--- START ---

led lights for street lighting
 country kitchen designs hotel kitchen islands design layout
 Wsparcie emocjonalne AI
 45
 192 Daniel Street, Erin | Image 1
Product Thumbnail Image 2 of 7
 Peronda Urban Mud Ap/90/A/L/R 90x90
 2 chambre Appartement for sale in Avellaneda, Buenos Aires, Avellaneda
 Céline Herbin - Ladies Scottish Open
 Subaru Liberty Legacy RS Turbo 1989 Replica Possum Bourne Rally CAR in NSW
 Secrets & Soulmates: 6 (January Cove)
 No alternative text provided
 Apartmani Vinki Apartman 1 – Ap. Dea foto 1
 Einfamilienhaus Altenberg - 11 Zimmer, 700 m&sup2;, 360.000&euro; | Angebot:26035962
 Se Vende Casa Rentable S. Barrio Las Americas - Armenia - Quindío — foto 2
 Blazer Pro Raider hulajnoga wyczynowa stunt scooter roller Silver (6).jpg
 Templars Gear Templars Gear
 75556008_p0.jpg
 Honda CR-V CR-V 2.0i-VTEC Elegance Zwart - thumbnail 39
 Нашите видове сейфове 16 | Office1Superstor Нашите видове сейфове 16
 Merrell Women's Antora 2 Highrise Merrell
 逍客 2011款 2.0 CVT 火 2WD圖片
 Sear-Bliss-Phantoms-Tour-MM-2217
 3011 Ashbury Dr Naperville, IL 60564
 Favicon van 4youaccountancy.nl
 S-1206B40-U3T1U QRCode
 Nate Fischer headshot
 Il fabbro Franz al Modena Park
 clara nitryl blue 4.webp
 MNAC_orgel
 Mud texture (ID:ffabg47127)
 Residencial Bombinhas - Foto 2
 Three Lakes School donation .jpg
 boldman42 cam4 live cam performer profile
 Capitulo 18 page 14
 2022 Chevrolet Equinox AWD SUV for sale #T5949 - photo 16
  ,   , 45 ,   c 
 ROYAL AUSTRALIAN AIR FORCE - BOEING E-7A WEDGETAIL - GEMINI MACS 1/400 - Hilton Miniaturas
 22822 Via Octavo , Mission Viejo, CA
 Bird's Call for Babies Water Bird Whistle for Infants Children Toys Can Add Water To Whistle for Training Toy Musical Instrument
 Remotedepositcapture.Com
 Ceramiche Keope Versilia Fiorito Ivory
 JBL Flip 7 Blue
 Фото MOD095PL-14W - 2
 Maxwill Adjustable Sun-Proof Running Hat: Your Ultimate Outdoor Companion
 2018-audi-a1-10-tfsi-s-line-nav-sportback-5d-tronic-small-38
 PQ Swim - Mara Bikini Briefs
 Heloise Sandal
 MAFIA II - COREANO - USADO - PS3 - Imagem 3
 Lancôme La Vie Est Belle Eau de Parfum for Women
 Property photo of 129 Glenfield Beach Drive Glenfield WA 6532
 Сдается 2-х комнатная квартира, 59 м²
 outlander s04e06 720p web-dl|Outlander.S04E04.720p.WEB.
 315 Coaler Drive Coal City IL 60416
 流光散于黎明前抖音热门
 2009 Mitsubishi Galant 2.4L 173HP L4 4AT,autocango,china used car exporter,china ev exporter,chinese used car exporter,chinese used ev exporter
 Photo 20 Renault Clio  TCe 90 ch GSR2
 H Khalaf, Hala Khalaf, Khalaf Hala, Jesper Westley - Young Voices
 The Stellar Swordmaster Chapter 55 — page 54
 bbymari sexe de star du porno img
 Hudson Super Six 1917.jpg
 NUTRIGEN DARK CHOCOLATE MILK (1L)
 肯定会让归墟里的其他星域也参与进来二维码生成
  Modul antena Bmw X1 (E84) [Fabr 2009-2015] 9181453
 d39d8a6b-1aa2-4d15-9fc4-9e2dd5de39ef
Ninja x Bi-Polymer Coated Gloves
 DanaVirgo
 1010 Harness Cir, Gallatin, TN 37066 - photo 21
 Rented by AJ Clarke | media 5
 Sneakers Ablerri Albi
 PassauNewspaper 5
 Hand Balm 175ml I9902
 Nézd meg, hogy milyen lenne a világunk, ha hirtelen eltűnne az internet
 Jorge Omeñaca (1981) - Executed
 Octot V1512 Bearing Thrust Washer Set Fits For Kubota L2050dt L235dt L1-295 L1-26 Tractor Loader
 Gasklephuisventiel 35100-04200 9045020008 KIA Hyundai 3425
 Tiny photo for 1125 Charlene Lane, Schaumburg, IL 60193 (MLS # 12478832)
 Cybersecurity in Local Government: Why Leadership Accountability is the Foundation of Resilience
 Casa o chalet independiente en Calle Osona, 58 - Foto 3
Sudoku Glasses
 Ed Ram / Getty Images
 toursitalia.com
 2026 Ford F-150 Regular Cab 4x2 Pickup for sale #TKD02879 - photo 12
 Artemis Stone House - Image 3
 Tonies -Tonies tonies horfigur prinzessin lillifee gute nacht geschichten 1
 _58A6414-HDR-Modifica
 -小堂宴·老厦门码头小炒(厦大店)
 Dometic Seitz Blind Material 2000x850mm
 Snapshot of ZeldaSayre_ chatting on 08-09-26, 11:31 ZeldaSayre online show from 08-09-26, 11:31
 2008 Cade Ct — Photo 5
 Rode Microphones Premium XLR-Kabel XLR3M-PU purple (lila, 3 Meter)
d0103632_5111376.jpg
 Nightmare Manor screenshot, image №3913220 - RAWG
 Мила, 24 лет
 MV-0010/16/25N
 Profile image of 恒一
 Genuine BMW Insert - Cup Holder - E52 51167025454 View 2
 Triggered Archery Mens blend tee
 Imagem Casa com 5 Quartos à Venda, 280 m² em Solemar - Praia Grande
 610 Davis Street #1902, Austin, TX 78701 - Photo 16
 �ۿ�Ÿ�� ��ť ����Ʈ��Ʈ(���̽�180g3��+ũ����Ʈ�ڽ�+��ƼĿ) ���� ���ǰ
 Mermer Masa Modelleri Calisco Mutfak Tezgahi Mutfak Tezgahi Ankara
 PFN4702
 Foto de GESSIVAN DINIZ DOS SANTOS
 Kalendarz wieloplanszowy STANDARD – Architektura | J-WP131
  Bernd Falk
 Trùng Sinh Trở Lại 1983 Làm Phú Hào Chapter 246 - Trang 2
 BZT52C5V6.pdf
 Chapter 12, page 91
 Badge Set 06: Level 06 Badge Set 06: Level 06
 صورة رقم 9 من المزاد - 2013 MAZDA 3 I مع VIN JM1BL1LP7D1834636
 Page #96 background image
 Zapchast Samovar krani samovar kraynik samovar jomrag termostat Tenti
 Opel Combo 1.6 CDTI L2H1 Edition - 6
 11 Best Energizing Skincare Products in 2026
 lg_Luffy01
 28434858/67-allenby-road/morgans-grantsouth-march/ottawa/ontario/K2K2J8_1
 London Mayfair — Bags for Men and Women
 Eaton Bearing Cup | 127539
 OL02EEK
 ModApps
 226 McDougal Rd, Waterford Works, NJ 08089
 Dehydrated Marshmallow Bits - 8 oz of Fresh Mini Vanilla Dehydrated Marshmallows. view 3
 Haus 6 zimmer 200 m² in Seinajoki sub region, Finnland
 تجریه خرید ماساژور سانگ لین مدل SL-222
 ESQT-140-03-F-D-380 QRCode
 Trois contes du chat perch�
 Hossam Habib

--- END ---

[WHAT THE TASK ASKS]: An exact copy of every record is needed, so retype them all.

[COMPLETED EXERCISE]:
led lights for street lighting
 country kitchen designs hotel kitchen islands design layout
 Wsparcie emocjonalne AI
 45
 192 Daniel Street, Erin | Image 1
Product Thumbnail Image 2 of 7
 Peronda Urban Mud Ap/90/A/L/R 90x90
 2 chambre Appartement for sale in Avellaneda, Buenos Aires, Avellaneda
 Céline Herbin - Ladies Scottish Open
 Subaru Liberty Legacy RS Turbo 1989 Replica Possum Bourne Rally CAR in NSW
 Secrets & Soulmates: 6 (January Cove)
 No alternative text provided
 Apartmani Vinki Apartman 1 – Ap. Dea foto 1
 Einfamilienhaus Altenberg - 11 Zimmer, 700 m&sup2;, 360.000&euro; | Angebot:26035962
 Se Vende Casa Rentable S. Barrio Las Americas - Armenia - Quindío — foto 2
 Blazer Pro Raider hulajnoga wyczynowa stunt scooter roller Silver (6).jpg
 Templars Gear Templars Gear
 75556008_p0.jpg
 Honda CR-V CR-V 2.0i-VTEC Elegance Zwart - thumbnail 39
 Нашите видове сейфове 16 | Office1Superstor Нашите видове сейфове 16
 Merrell Women's Antora 2 Highrise Merrell
 逍客 2011款 2.0 CVT 火 2WD圖片
 Sear-Bliss-Phantoms-Tour-MM-2217
 3011 Ashbury Dr Naperville, IL 60564
 Favicon van 4youaccountancy.nl
 S-1206B40-U3T1U QRCode
 Nate Fischer headshot
 Il fabbro Franz al Modena Park
 clara nitryl blue 4.webp
 MNAC_orgel
 Mud texture (ID:ffabg47127)
 Residencial Bombinhas - Foto 2
 Three Lakes School donation .jpg
 boldman42 cam4 live cam performer profile
 Capitulo 18 page 14
 2022 Chevrolet Equinox AWD SUV for sale #T5949 - photo 16
  ,   , 45 ,   c 
 ROYAL AUSTRALIAN AIR FORCE - BOEING E-7A WEDGETAIL - GEMINI MACS 1/400 - Hilton Miniaturas
 22822 Via Octavo , Mission Viejo, CA
 Bird's Call for Babies Water Bird Whistle for Infants Children Toys Can Add Water To Whistle for Training Toy Musical Instrument
 Remotedepositcapture.Com
 Ceramiche Keope Versilia Fiorito Ivory
 JBL Flip 7 Blue
 Фото MOD095PL-14W - 2
 Maxwill Adjustable Sun-Proof Running Hat: Your Ultimate Outdoor Companion
 2018-audi-a1-10-tfsi-s-line-nav-sportback-5d-tronic-small-38
 PQ Swim - Mara Bikini Briefs
 Heloise Sandal
 MAFIA II - COREANO - USADO - PS3 - Imagem 3
 Lancôme La Vie Est Belle Eau de Parfum for Women
 Property photo of 129 Glenfield Beach Drive Glenfield WA 6532
 Сдается 2-х комнатная квартира, 59 м²
 outlander s04e06 720p web-dl|Outlander.S04E04.720p.WEB.
 315 Coaler Drive Coal City IL 60416
 流光散于黎明前抖音热门
 2009 Mitsubishi Galant 2.4L 173HP L4 4AT,autocango,china used car exporter,china ev exporter,chinese used car exporter,chinese used ev exporter
 Photo 20 Renault Clio  TCe 90 ch GSR2
 H Khalaf, Hala Khalaf, Khalaf Hala, Jesper Westley - Young Voices
 The Stellar Swordmaster Chapter 55 — page 54
 bbymari sexe de star du porno img
 Hudson Super Six 1917.jpg
 NUTRIGEN DARK CHOCOLATE MILK (1L)
 肯定会让归墟里的其他星域也参与进来二维码生成
  Modul antena Bmw X1 (E84) [Fabr 2009-2015] 9181453
 d39d8a6b-1aa2-4d15-9fc4-9e2dd5de39ef
Ninja x Bi-Polymer Coated Gloves
 DanaVirgo
 1010 Harness Cir, Gallatin, TN 37066 - photo 21
 Rented by AJ Clarke | media 5
 Sneakers Ablerri Albi
 PassauNewspaper 5
 Hand Balm 175ml I9902
 Nézd meg, hogy milyen lenne a világunk, ha hirtelen eltűnne az internet
 Jorge Omeñaca (1981) - Executed
 Octot V1512 Bearing Thrust Washer Set Fits For Kubota L2050dt L235dt L1-295 L1-26 Tractor Loader
 Gasklephuisventiel 35100-04200 9045020008 KIA Hyundai 3425
 Tiny photo for 1125 Charlene Lane, Schaumburg, IL 60193 (MLS # 12478832)
 Cybersecurity in Local Government: Why Leadership Accountability is the Foundation of Resilience
 Casa o chalet independiente en Calle Osona, 58 - Foto 3
Sudoku Glasses
 Ed Ram / Getty Images
 toursitalia.com
 2026 Ford F-150 Regular Cab 4x2 Pickup for sale #TKD02879 - photo 12
 Artemis Stone House - Image 3
 Tonies -Tonies tonies horfigur prinzessin lillifee gute nacht geschichten 1
 _58A6414-HDR-Modifica
 -小堂宴·老厦门码头小炒(厦大店)
 Dometic Seitz Blind Material 2000x850mm
 Snapshot of ZeldaSayre_ chatting on 08-09-26, 11:31 ZeldaSayre online show from 08-09-26, 11:31
 2008 Cade Ct — Photo 5
 Rode Microphones Premium XLR-Kabel XLR3M-PU purple (lila, 3 Meter)
d0103632_5111376.jpg
 Nightmare Manor screenshot, image №3913220 - RAWG
 Мила, 24 лет
 MV-0010/16/25N
 Profile image of 恒一
 Genuine BMW Insert - Cup Holder - E52 51167025454 View 2
 Triggered Archery Mens blend tee
 Imagem Casa com 5 Quartos à Venda, 280 m² em Solemar - Praia Grande
 610 Davis Street #1902, Austin, TX 78701 - Photo 16
 �ۿ�Ÿ�� ��ť ����Ʈ��Ʈ(���̽�180g3��+ũ����Ʈ�ڽ�+��ƼĿ) ���� ���ǰ
 Mermer Masa Modelleri Calisco Mutfak Tezgahi Mutfak Tezgahi Ankara
 PFN4702
 Foto de GESSIVAN DINIZ DOS SANTOS
 Kalendarz wieloplanszowy STANDARD – Architektura | J-WP131
  Bernd Falk
 Trùng Sinh Trở Lại 1983 Làm Phú Hào Chapter 246 - Trang 2
 BZT52C5V6.pdf
 Chapter 12, page 91
 Badge Set 06: Level 06 Badge Set 06: Level 06
 صورة رقم 9 من المزاد - 2013 MAZDA 3 I مع VIN JM1BL1LP7D1834636
 Page #96 background image
 Zapchast Samovar krani samovar kraynik samovar jomrag termostat Tenti
 Opel Combo 1.6 CDTI L2H1 Edition - 6
 11 Best Energizing Skincare Products in 2026
 lg_Luffy01
 28434858/67-allenby-road/morgans-grantsouth-march/ottawa/ontario/K2K2J8_1
 London Mayfair — Bags for Men and Women
 Eaton Bearing Cup | 127539
 OL02EEK
 ModApps
 226 McDougal Rd, Waterford Works, NJ 08089
 Dehydrated Marshmallow Bits - 8 oz of Fresh Mini Vanilla Dehydrated Marshmallows. view 3
 Haus 6 zimmer 200 m² in Seinajoki sub region, Finnland
 تجریه خرید ماساژور سانگ لین مدل SL-222
 ESQT-140-03-F-D-380 QRCode
 Trois contes du chat perch�
 Hossam Habib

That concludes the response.